WHAT YOU NEED TO DO:
The answer must reproduce all of the data below exactly and contain no images.

SOURCE DATA:
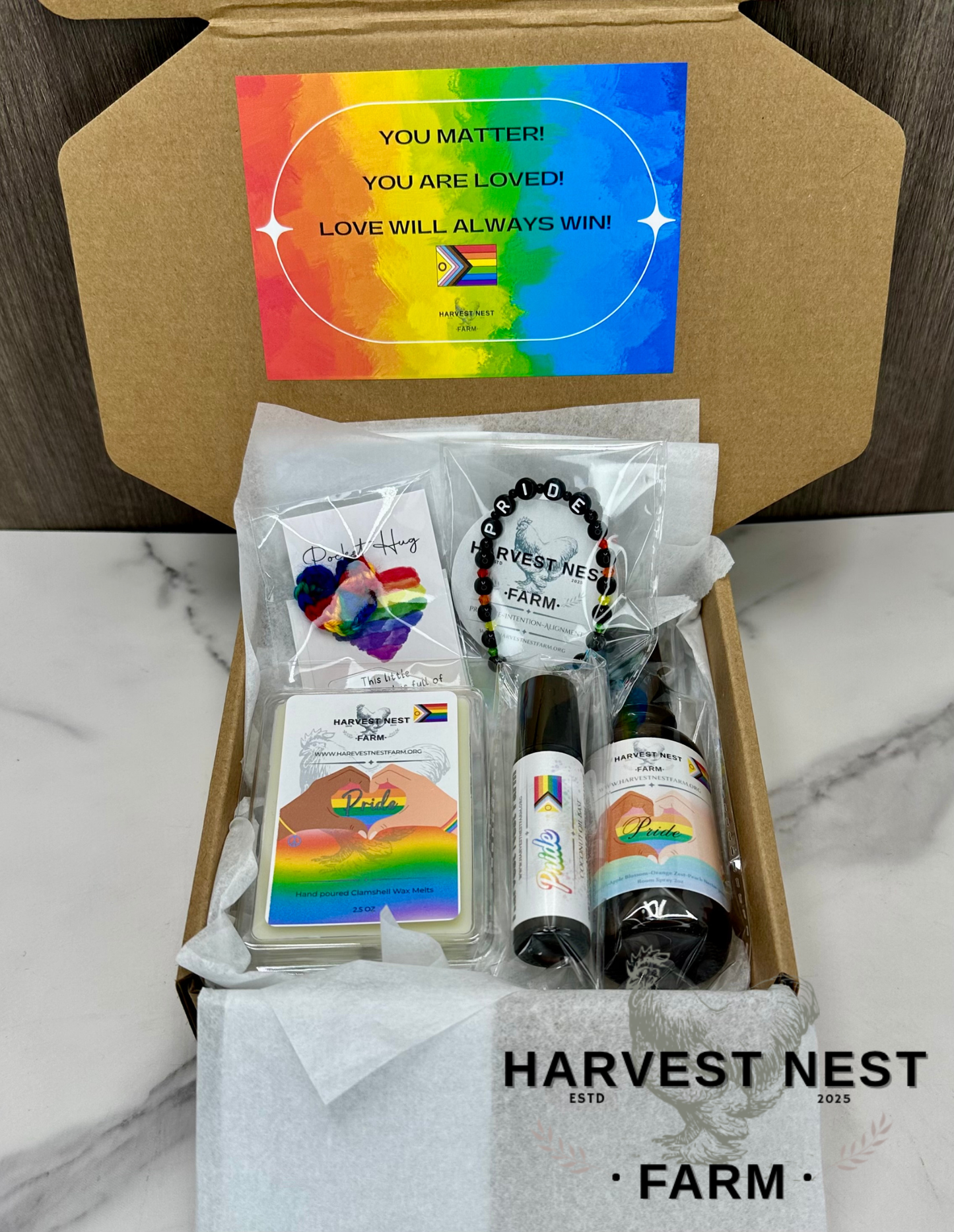Pride Gift Set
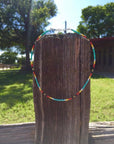 Sarape Choker - 14 inches pick your color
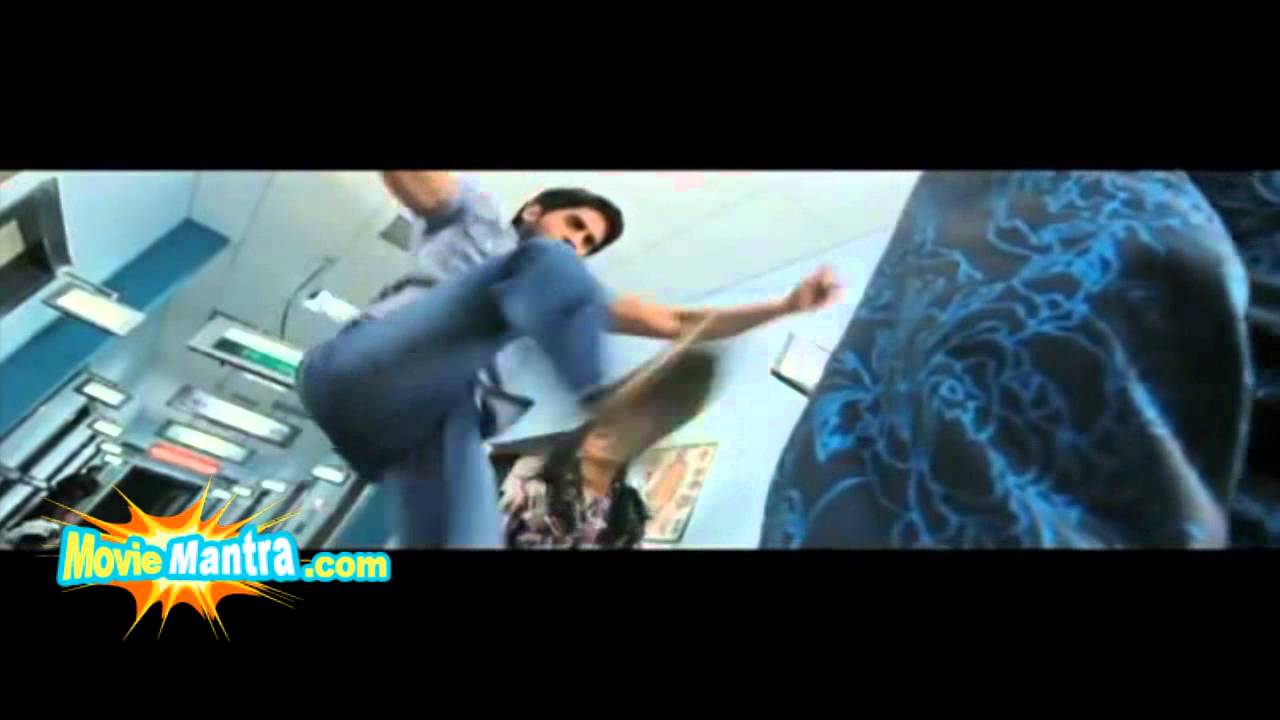 Bejawada Official Theatrical trailer 3 - Naga Chaitanya   Amala Paul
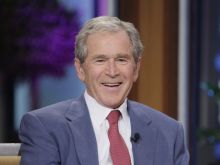 George Bush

EXERCISE RESULT:
Pride Gift Set
 Sarape Choker - 14 inches pick your color
 Bejawada Official Theatrical trailer 3 - Naga Chaitanya   Amala Paul
 George Bush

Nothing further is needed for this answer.